George N. Lester IV Other Important LCA Issues to Understand: Public Access Files, "No Benching" Rule, Changes in Location and DOL Enforcement

A. Public Access File and Retention of Records

Within one working day after filing the LCA, the employer must make the LCA and certain supporting documentation available for public examination at its principal place of business in the U.S. or at the place of employment, in what is commonly referred to as the "public access" file. The required documentation for the public access file includes:

  1. A copy of the completed labor condition application containing the original signature, including any applications that were submitted to DOL by facsimile transmission.
  2. Documentation which provides the wage rate to be paid the H-1B worker.
  3. "A full, clear explanation of the system that the employer used to set the `actual wage' the employer has paid or will pay workers in the occupation for which the H-1B nonimmigrant is sought, including any periodic increases which the system may provide-e.g., [any] memorandum summarizing the system or a copy of the employer's pay system or scale."
  4. As discussed previously, employers hiring H-1B workers are advised to have a clear, written pay system, with objective criteria against which all workers are measured. This provision requires that such a system be made available to the public as evidence of the employer's compliance with "actual wage" requirements. If the employer does not have such a pay system it must create a memorandum for the public access file.

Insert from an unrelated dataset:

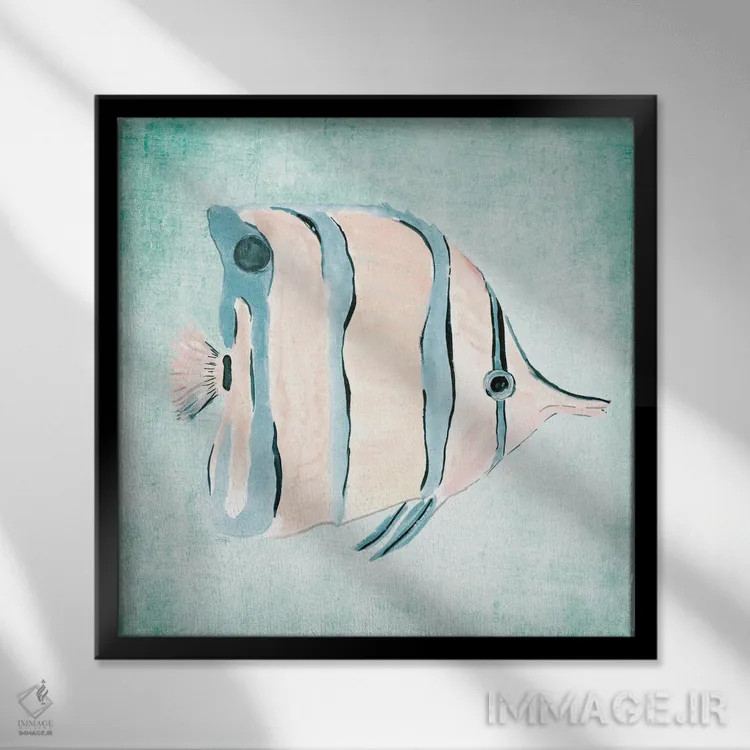 تابلو ماهیها در دریا I اثر جولی دریسه - نمای قابدار مشکی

  5. A copy of the documentation the employer used to establish the "prevailing wage" for the occupation, such as the SESA determination, expert report, or survey information, which must include a "general description of the source and methodology" of the survey.
  6. A copy of documentation indicating that the employer has satisfied the notice of filing requirements, which would include the collective bargaining representative notification or postings.
  7. A summary of the benefits offered to U.S. workers in the same occupational classification as H-1B nonimmigrants, a statement as to how differentiation in benefits is made where not all employees are offered or receive the same benefits, and/or, where applicable, a statement that some or all H-1B nonimmigrants are receiving "home country" benefits.[1]
  8. Where the employer undergoes a change in corporate structure, a sworn statement by a responsible official of the new employing entity that it accepts all obligations, liabilities, and undertakings under the LCAs filed by the predecessor, together with a list of each affected LCA and its date of certification, and a description of the actual wage system and Employer Identification Number (EIN) of the new entity.
  9. A list of any entities used as part of a "single employer" definition for determination of H-1B dependency status.
  10. Where the employer is H-1B dependent and/or a willful violator and files the LCA only for "exempt" H-1B nonimmigrants, a list of such persons.
  11. Where the employer is H-1B dependent and/or a willful violator and the LCA is not filed for exempt H-1B nonimmigrants, a summary of the recruitment methods used and time frames of recruitment of U.S. workers, or copies of pertinent documents showing this information.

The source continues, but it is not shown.